*** Data provided ***

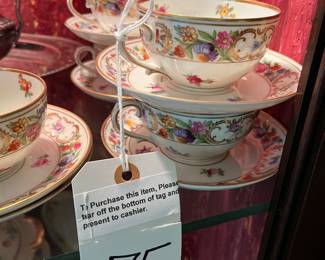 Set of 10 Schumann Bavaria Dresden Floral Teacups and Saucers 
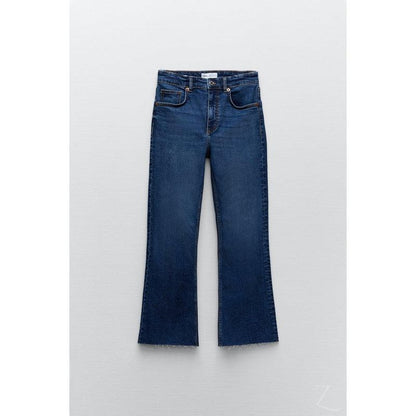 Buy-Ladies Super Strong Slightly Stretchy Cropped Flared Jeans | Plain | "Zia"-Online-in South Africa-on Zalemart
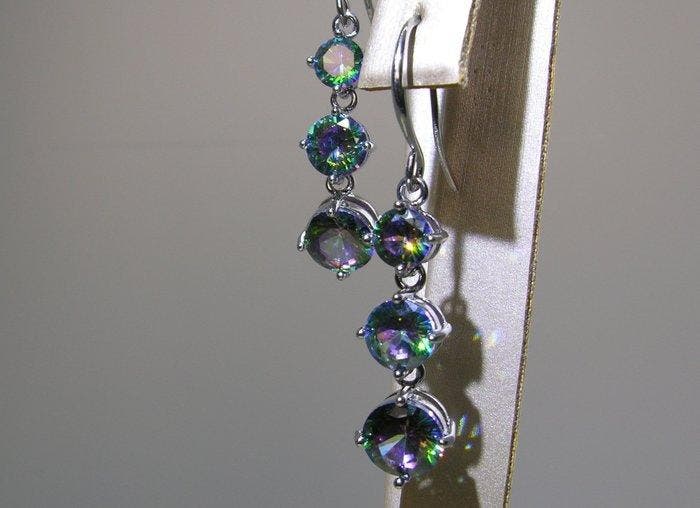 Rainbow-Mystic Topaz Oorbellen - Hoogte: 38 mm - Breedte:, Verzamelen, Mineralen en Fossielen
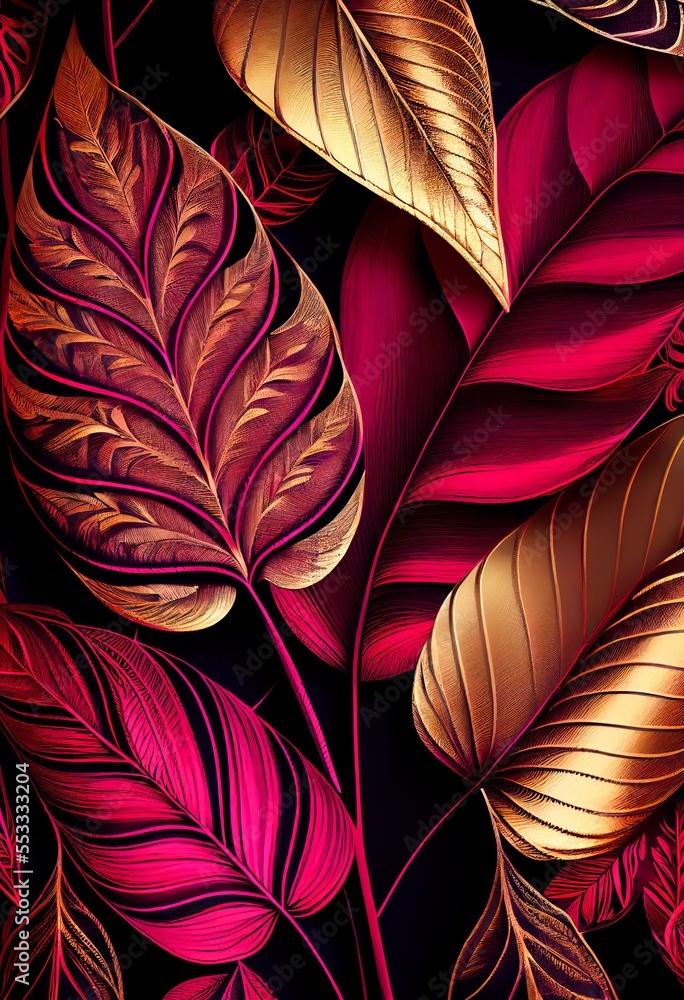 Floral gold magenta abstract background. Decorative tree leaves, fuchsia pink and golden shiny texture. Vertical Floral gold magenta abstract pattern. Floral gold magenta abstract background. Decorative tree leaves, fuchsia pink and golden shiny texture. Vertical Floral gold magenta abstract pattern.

*** End of Data provided ***

Only the lines from the one containing "Rainbow-Mystic Topaz Oorbellen" through the end of the listing above should be reproduced, exactly as they stand. Leave the pictures out.

Answer section -
 Rainbow-Mystic Topaz Oorbellen - Hoogte: 38 mm - Breedte:, Verzamelen, Mineralen en Fossielen
 Floral gold magenta abstract background. Decorative tree leaves, fuchsia pink and golden shiny texture. Vertical Floral gold magenta abstract pattern. Floral gold magenta abstract background. Decorative tree leaves, fuchsia pink and golden shiny texture. Vertical Floral gold magenta abstract pattern.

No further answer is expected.